After realizing that I was more likely to find a baby cow than my brother, I fashioned a large red sign that simply shouted our last name in four big, black letters, easily readable at 200 meters away, KATZ...perhaps someone remembers seeing it. Anyway, I had a difficult time dealing with security about bringing it in to the show because as everyone knows, no signs allowed. I asked for the supervisor, and having no good answer to my simple question, "why?", he allowed me to proceed as long as I swore I wouldn't kill anyone. 

I walked all through the grass for an hour before the show and began waiving the sign, receiving looks from all the disgusted people who didn't get to bring in their own signs. Eventually a kid came up and asked if he could put his friends name on the back. Naturally I said yes, and in return he gave me a small plant bud of some kind that was very green and very smelly. I reached into my pocket and pulled out, by chance, my $100 bill that represented all but four dollars of the money we had left for the tour. 

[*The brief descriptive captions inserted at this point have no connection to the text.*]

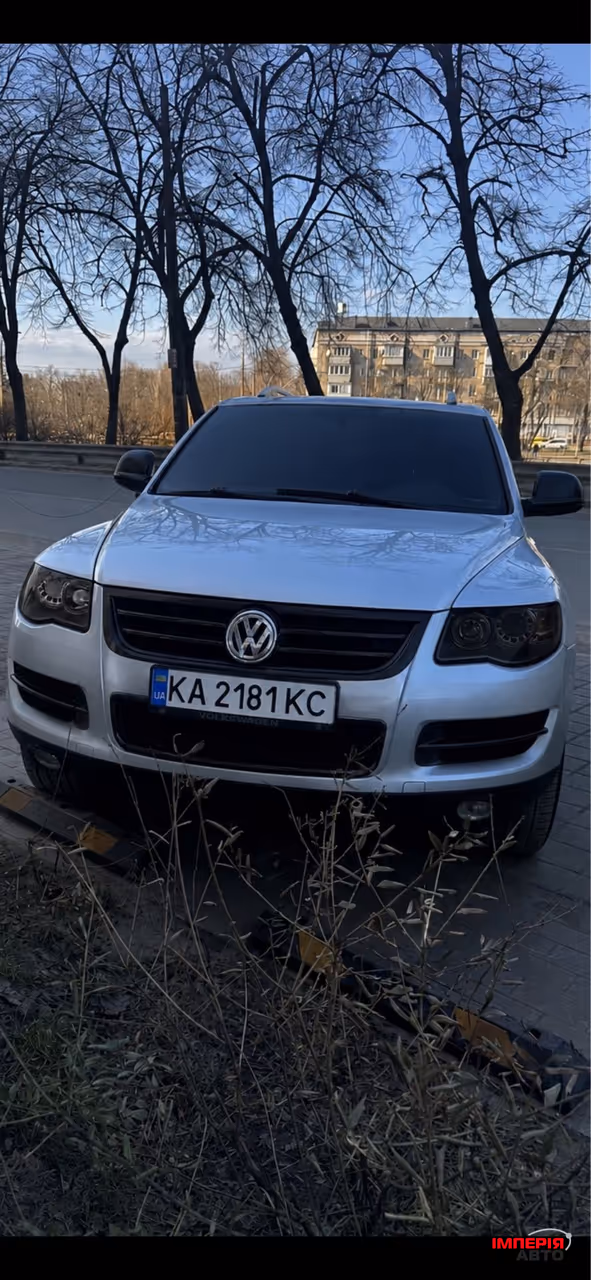 Volkswagen Touareg - фото 5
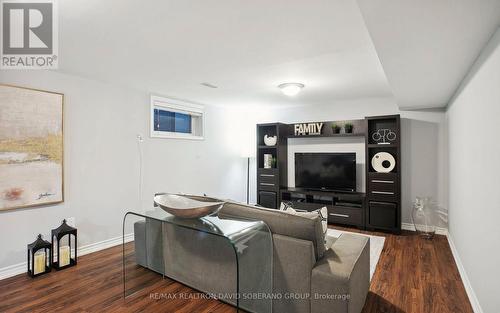 19 Vinci Crescent, Toronto, ON - Indoor Photo Showing Living Room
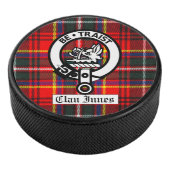 Clan Innes Crest Badge en Tartan Hockey Puck (3/4)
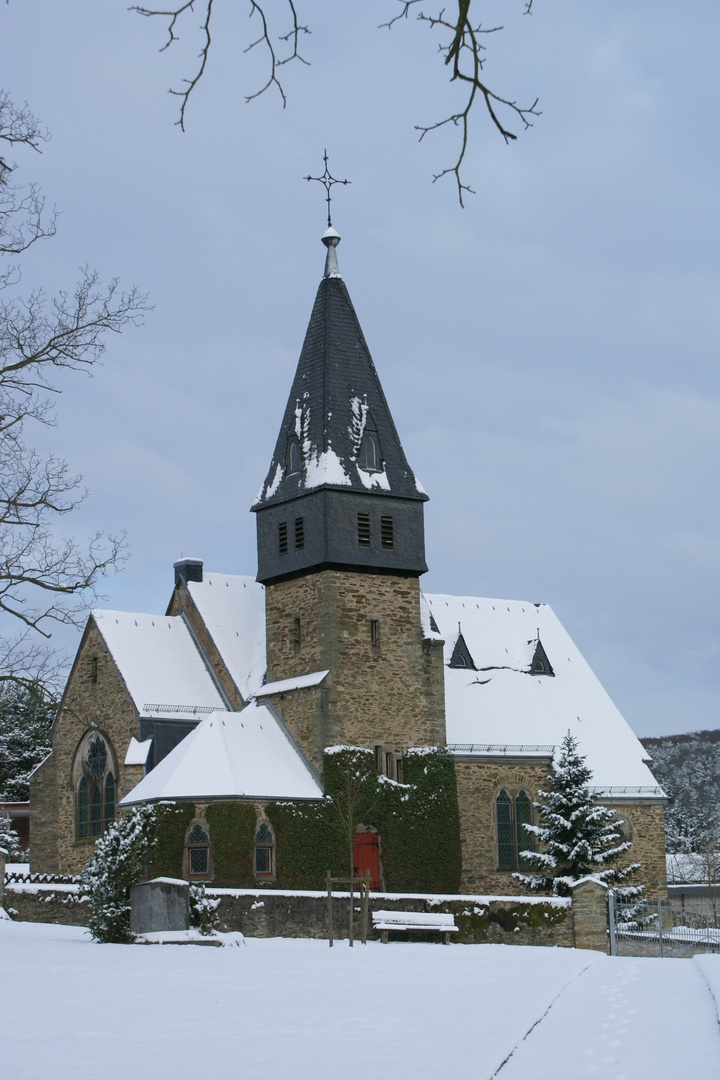 Evangelische Kirche Aumenau an der Lahn im Winter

The show began, and having never found my brother, Zshannna and I began the dangerous trek down the grass, under the railing, across no-man´s land, and into the pavillion at least half-way down, all along dragging the big red sign, refusing to let the dream die...We´re pro´s at this stuff. About three fourths of the way through the first set, I reached into my pocket to load up a pipe of the green stuff, and it was gone, the $100 bill and all. Lost? Stolen? Misplaced? Abducted? Dissolved? Ran away? These were the thoughts running through my head while 40,000 people jammed to antelope. 

I desperately tried tracing my steps, but that was nearly fatal and I couldn't figure out what we were going to do for money. Needless to say, I was anything but enjoying the show. At intermission, I sat in a seat and began writing myself a letter to mentally get over it all..."Don't worry about it." "Enjoy the show." "It's only $100." "It's not your fault." "You're a complete moron." "What the fuck is wrong with you?" "IF you think you're mad at yourself now, wait until I kick my own ass as I will be waiting for myself in the parking lot after the show." 

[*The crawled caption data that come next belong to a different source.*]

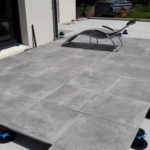 Debut de la pose Terrasse sur plots 100x100 Panarea Grey A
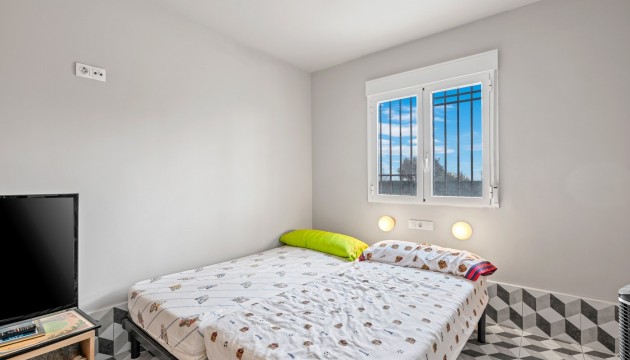 Перепродажа - отдельная вилла - Elche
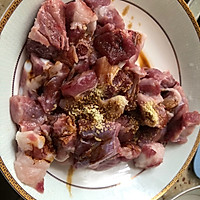 香芋蒸排骨的做法图解2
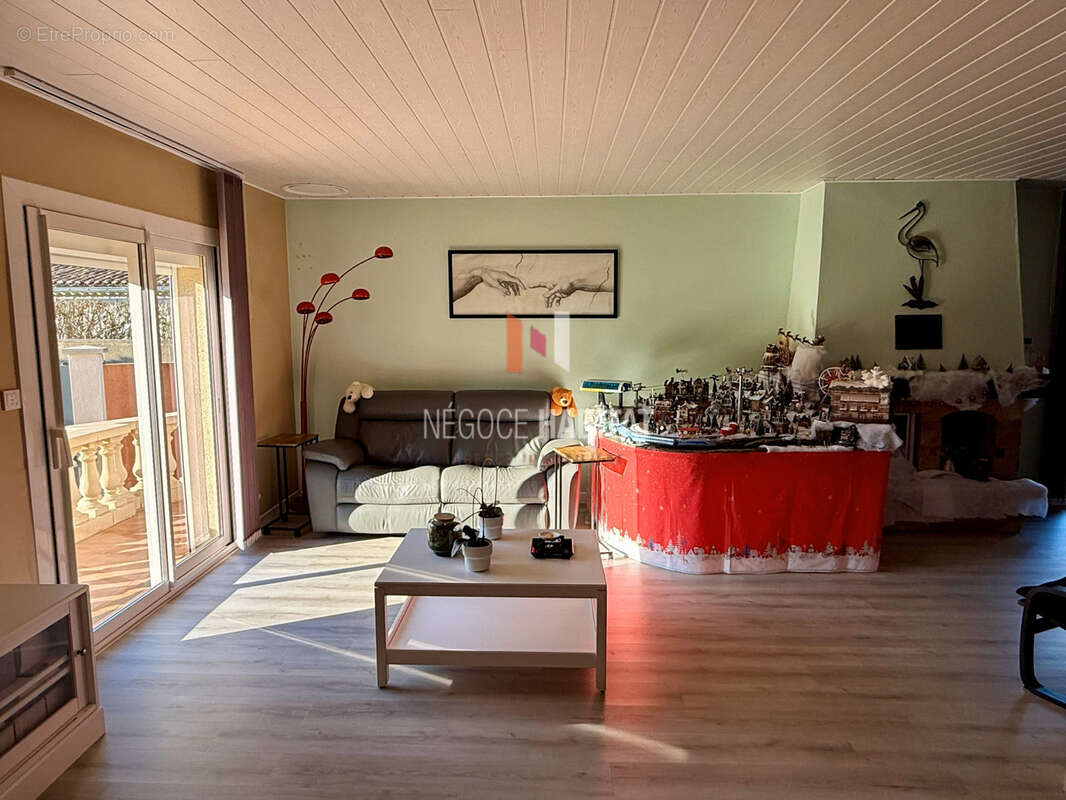 Maison à AIGUES-VIVES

Zshanna wasn't any more sympathetic, and the words I was saying to myself may as well been coming straight out of her eyes. In a combination of anger and nausea, she storms off saying, "This is fucking bullshit, I'm going to look for it [you stupid, short, fucker]."  Zshanna goes walking up the cement stairway calling out into the night air, "Has anyone seen my $100?"  Standing among the mass of people who snuck under the fence at the top of the stairs is a young phish head. The only person Zshanna actually asked, "Have you seen a 100$ bill?" The kid says,

"What did it look like?"

"It's folded up with a bud in the middle."

With a warm grin the kid says,

"You know what? I think it is your lucky day," at which point he pulls the package out of his pocket and hands it over to my stunned girlfriend. She comes racing down the isle waiving it the air like she found the golden ticket, and after only a short committee meeting, we decided that the best thing would be to smoke the kid up. It turned out to be his first show, and I imagine it wasn't his last. 

The second set ended and we were high from it all. I was walking towards the main exit at the top of the grass, shoulder to shoulder with smelly, post-show phans, still holding onto the dream of finding my brother with my big red sign.  Without knowing it, he was walking ten feet behind me, at which point his friend asked him if that wasn't his name, and sure as shit he found me. We skipped deer creek opting for some R and R with family in Michigan, but the three of us went on to Columbus for two fantastic nights. That's pretty much it. 

Anyone who has been there knows about the magic that happens at shows. I think that magic like that happens all the time, but people just aren't perceptive to it. You can't hear the music if you don't shut up and listen, and the universe is always singing... it's cosmic song, a long glorious tune that breeds life, pulsing in and out of our veins. For me, a show was an opportunity to not only hear their music, but to silence myself, my own brain, and listen to the groovy sound of the Universe.